[Start of section]

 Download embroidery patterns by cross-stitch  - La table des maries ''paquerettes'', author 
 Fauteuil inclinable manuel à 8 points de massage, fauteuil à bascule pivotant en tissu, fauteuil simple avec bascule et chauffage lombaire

[End of section]
[Start of section]

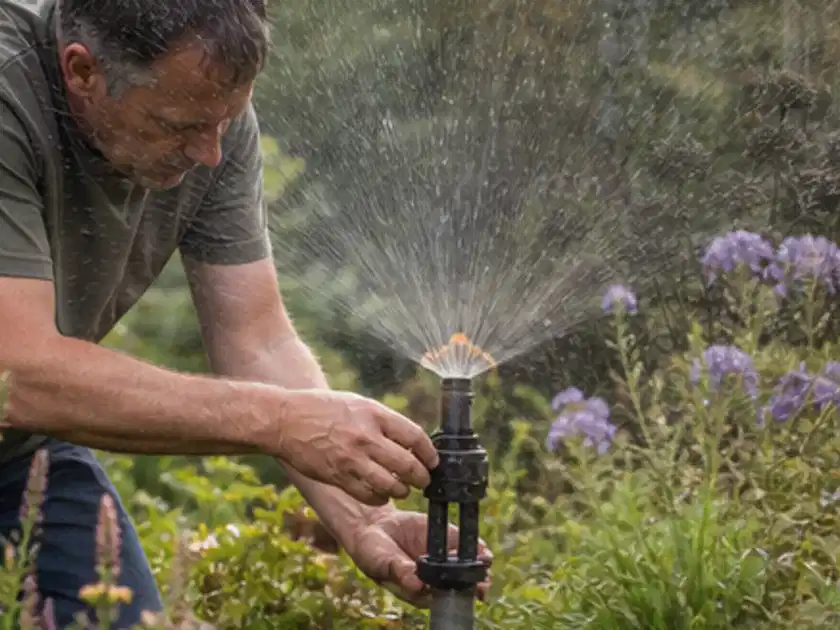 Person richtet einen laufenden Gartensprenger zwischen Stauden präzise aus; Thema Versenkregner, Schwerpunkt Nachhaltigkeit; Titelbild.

[End of section]
[Start of section]

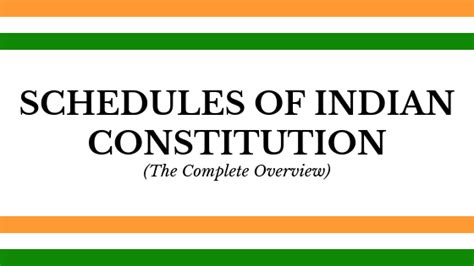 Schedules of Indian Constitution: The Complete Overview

[End of section]

Take the lines above from the one containing "Download embroidery patterns" to the one containing "Fauteuil inclinable manuel" and retype them exactly, both ends included, with nothing added.

[WRITTEN RESPONSE]:
 Download embroidery patterns by cross-stitch  - La table des maries ''paquerettes'', author 
 Fauteuil inclinable manuel à 8 points de massage, fauteuil à bascule pivotant en tissu, fauteuil simple avec bascule et chauffage lombaire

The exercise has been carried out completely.